# Forum Learning Russian Language Resources for Studying Russian Book Reviews  USING RUSSIAN SYNONYMS

## DDT

Oy!! Has anyone got this book.   USINGRUSSIAN SYNS

----------


## basurero

Мне кажется в русском синонимов вообще нету! Синонимы должны иметь одинаковые значения, а в русском каждое слово отличается от других чем-нибудь.

----------


## Scrabus

Не, они на самом деле синонимы). Просто в русском у слов много оттенков при неизменном значении).

----------


## Rtyom

> Мне кажется в русском синонимов вообще нету! Синонимы должны иметь одинаковые значения, а в русском каждое слово отличается от других чем-нибудь.

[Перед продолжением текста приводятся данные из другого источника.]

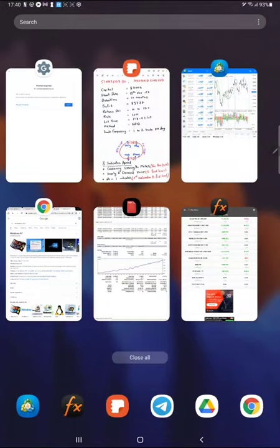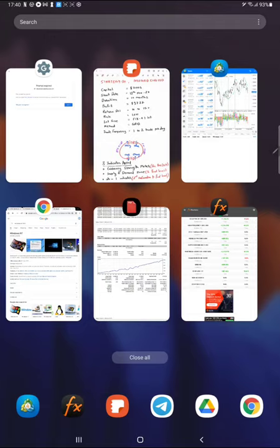Hello trader, welcome to Forex Stat. This week we have already updated Strategy 30 - fixed lot with a griding on EUR/USD. This account is 10 months old. The profit is less but the risk is very low. If you want a consistent amount of profit and don't want to see any losses in your account, then this is the best strategy, and you can trade in your terminal by choosing our three indicator tools.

 То же самое можно сказать и про английский! И про любой другой язык. 
Грубо говоря, синонимы бывают полными (абсолютными) и неполными (частичными).

----------


## Leof

Тём, мне очень интересно стало. Приведи, пожалуйста, примеры полных и неполных синонимов. Хотя бы по паре.
Спасибо!  ::

----------


## Rtyom

::  Ну, например:  *смеяться* и *хохотать*: 
2) оба слова синонимичны лишь частично, когда они означают ситуацию "издавать смех". "Смеяться" покрывает все ситуации, а "хохотать" только ситуации, где смеются громко.
1) оба слова могут быть абсолютными синонимами по значению "издеваться": _Он посмеялся над моими усилиями_, _Он похохотал над тем, как я старался объяснить, что такое синонимы_.

----------


## Leof

Да, это не так очевидно, как я бы предположил. Спасибо, что объяснил!  ::  
И откуда ты только всегда всё знаешь?!  ::

----------


## Rtyom

Не за что.  ::  Это ещё очень упрощённо. На самом деле разнообразных связей и их уровней много. Язык --- очень тонкий механизм... 
Если бы я всё знал...   ::   Чем глубже углубляешься в знания, тем больше понимаешь, что ничего на самом деле не знаешь.   ::   
А вообще, мне просто нравится рассматривать язык и речь под лупой.   ::

----------


## Leof

Такая _лупознательность_ достойна похвалы!  ::

----------


## Wowik

> *смеяться* и *хохотать*:

 В кустах раздавался девичий смех, медленно переходящий в женский хохот.

----------


## Rtyom

И?..   ::

----------


## Wowik

> Ну, например:  *смеяться* и *хохотать*: 
> 2) оба слова синонимичны лишь частично, когда они означают ситуацию "издавать смех". "Смеяться" покрывает все ситуации, а "хохотать" только ситуации, где смеются громко.
> 1) оба слова могут быть абсолютными синонимами по значению "издеваться": _Он посмеялся над моими усилиями_, _Он похохотал над тем, как я старался объяснить, что такое синонимы_.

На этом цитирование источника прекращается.